As technology continues to expand its role in our lives, the demand for people who can step into entry-level computer science jobs will only increase. Surprisingly, it’s possible to find computer science jobs with no experience (although you will have to demonstrate relevant skills). Some employers may require a bachelor’s degree in computer science, and you may need a master’s in computer science to advance in your career after you get your foot in the door. Still, if you’re looking to get into computer science, there are plenty of places to start.

Entry-Level Computer Science Careers

If you do have a degree in computer science, the possibility of getting into the field is much higher and is greatly increased. However, it’s not a requirement for all entry-level positions. Whether you’re looking for a job now or planning for the future, here are some of the best entry-level jobs to start your career in computer science.

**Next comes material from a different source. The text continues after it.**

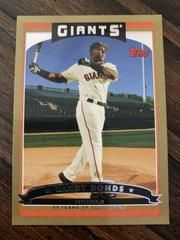 Barry Bonds [Gold] Baseball Cards 2006 Topps Prices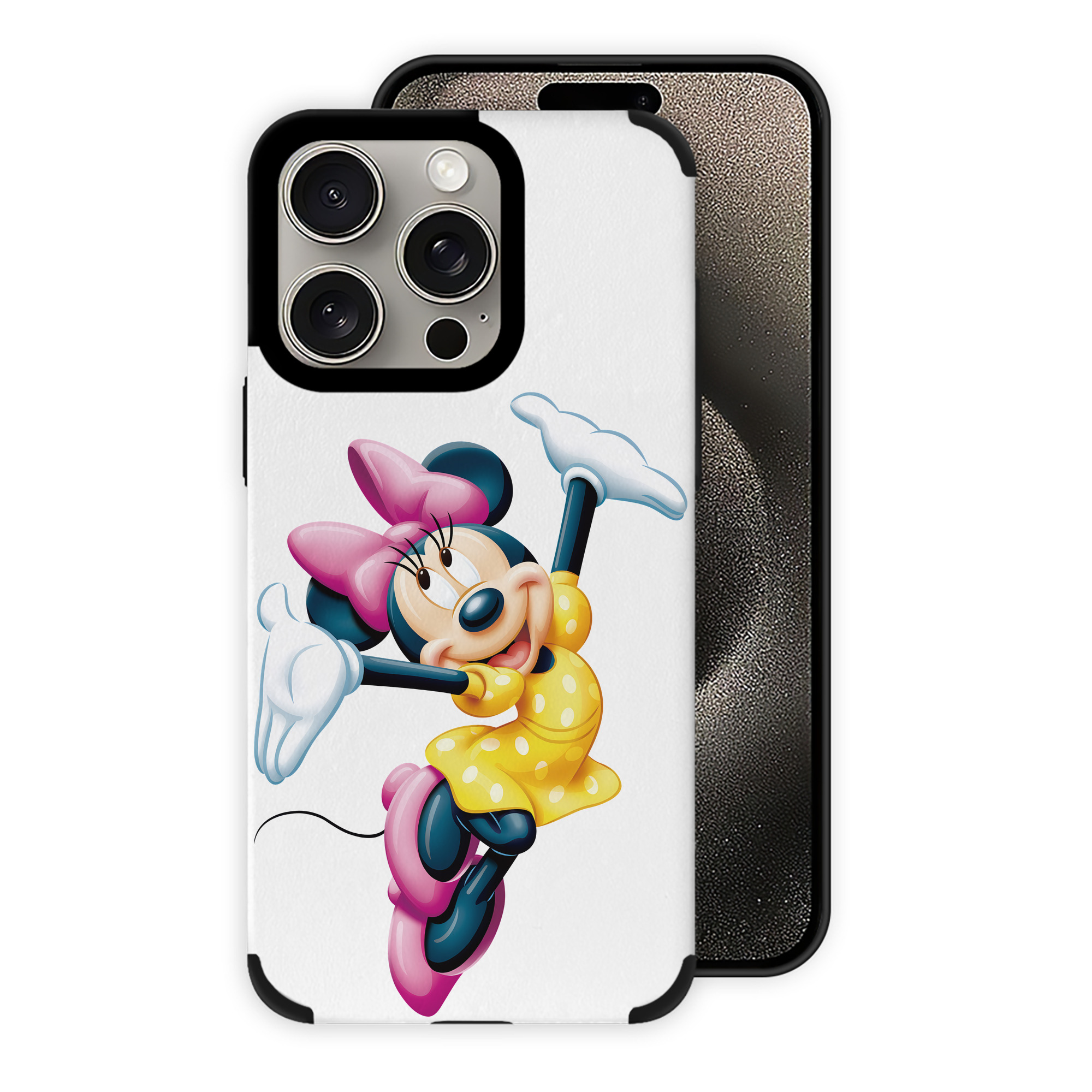 （画像用） ミッキーマウス Mickey Mouse 【iPhone15ProMax対応】 PUレザー スマホケース 耐衝撃＆黄変防止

Computer User Support Specialist

Also known as IT specialists or tech support, a computer user support specialist identifies and solves software or hardware problems in person or by phone or email. In an office setting, the specialist might also set up equipment, install programs and make minor repairs.

Database Administrator

Database administrators are primarily responsible for the security and accessibility of organizational data. Some of the common job tasks including maintaining an existing database, troubleshooting problems when they arise, providing training and writing reports and documentation.

Cyber Security Specialist

The cyber security or information security specialist protects an employer’s or client’s data by analyzing security risks and creating defenses against those potential breaches. Sometimes, a cyber security specialist will also work as a computer forensics analyst to find people responsible for cybercrimes.

IT Project Manager

Although deep understanding of computer science isn’t necessarily required, the IT project is usually required to be a certified project manager. Duties include making sure projects finish on time and on or under budget as well as advocating for necessary resources, including adequate staffing. Communication, organizational, management and administrative skills are imperative.

Software Developer

A software developer designs and develops software to meet certain needs. Once the software is complete, the developer will test it, making changes if necessary. The developer may also analyze users’ needs and requests to improve the software, write updates and create documentation for the software.

Web Developer

A web developer designs and maintains websites for clients. Other duties might include producing content, updating the website and performing maintenance. Web designers work closely with clients, so it’s important they are comfortable interacting with others.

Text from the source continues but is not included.